# PROBLEM DESCRIPTION
An exact restatement of the data below, with the pictures removed, is the required answer.

Caption-style text data

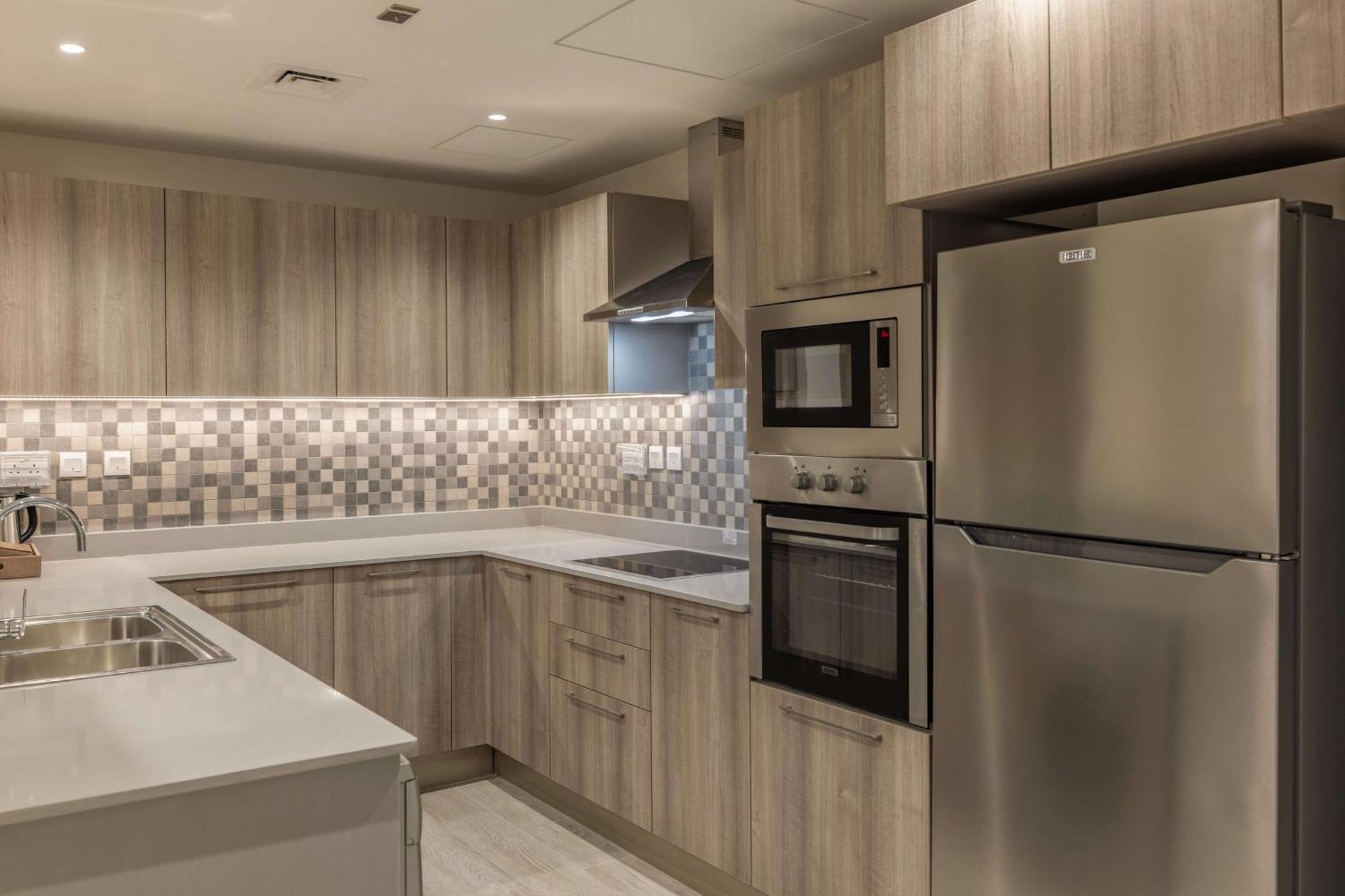 Hotel Doubletree By Hilton Doha Downtown Exterior foto A modern kitchen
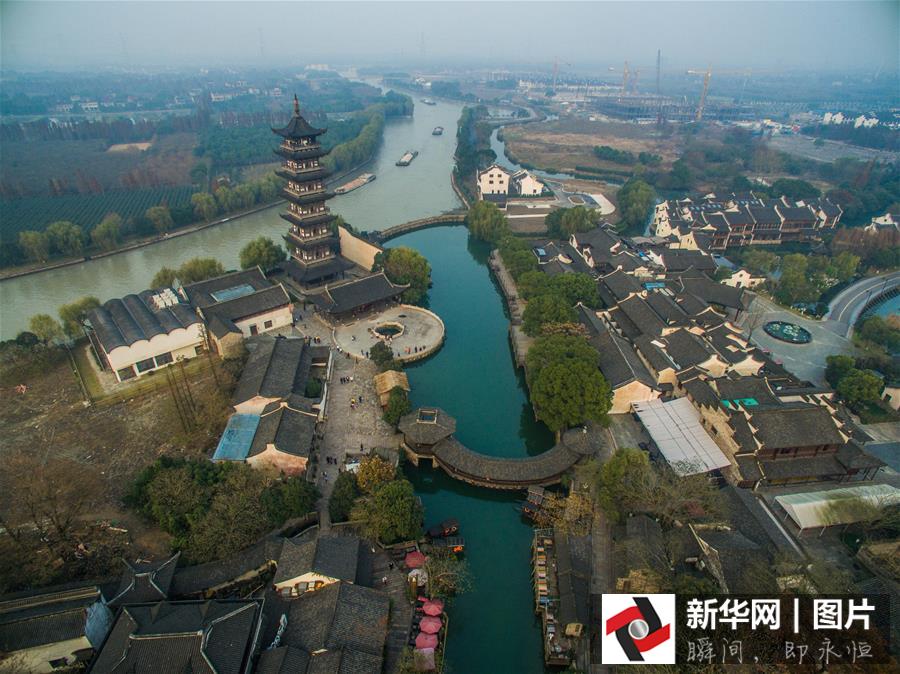這是12月8日航拍的烏鎮(zhèn)西柵景區(qū)的古鎮(zhèn)風(fēng)貌。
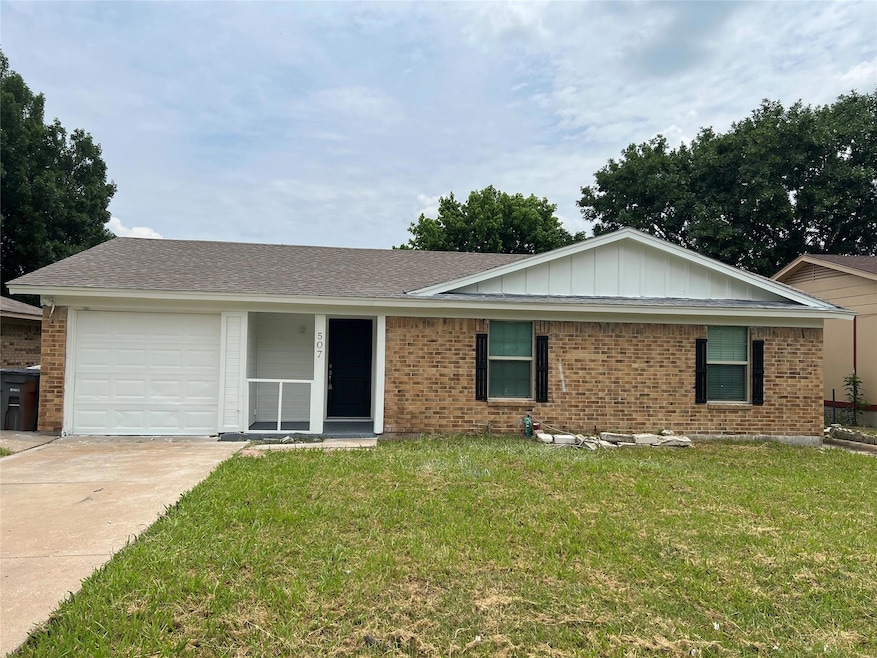 507 Hilltop Ln, Wylie, TX 75098 - photo 1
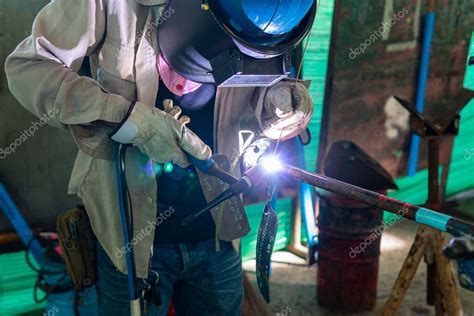 Soldador Est Trabajando Carbono Tuber A De Soldadura Con Proceso De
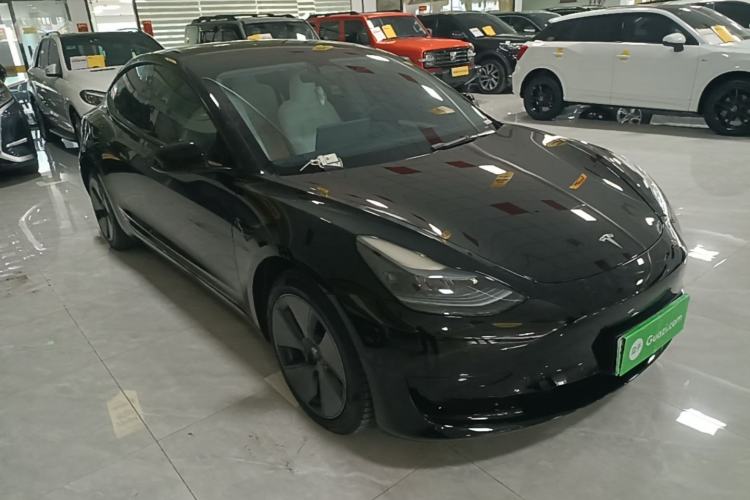 Used Tesla Model 3 2022 Rear-Wheel-Drive Version Front Right 45 Deg
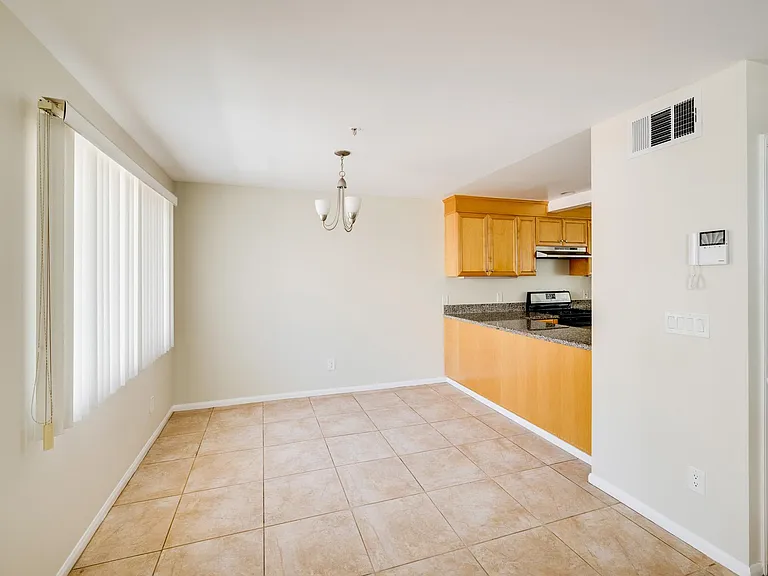 1011 Thompson Ave #C — Photo 7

# ANSWER BELOW
 Hotel Doubletree By Hilton Doha Downtown Exterior foto A modern kitchen
這是12月8日航拍的烏鎮(zhèn)西柵景區(qū)的古鎮(zhèn)風(fēng)貌。
 507 Hilltop Ln, Wylie, TX 75098 - photo 1
 Soldador Est Trabajando Carbono Tuber A De Soldadura Con Proceso De
 Used Tesla Model 3 2022 Rear-Wheel-Drive Version Front Right 45 Deg
 1011 Thompson Ave #C — Photo 7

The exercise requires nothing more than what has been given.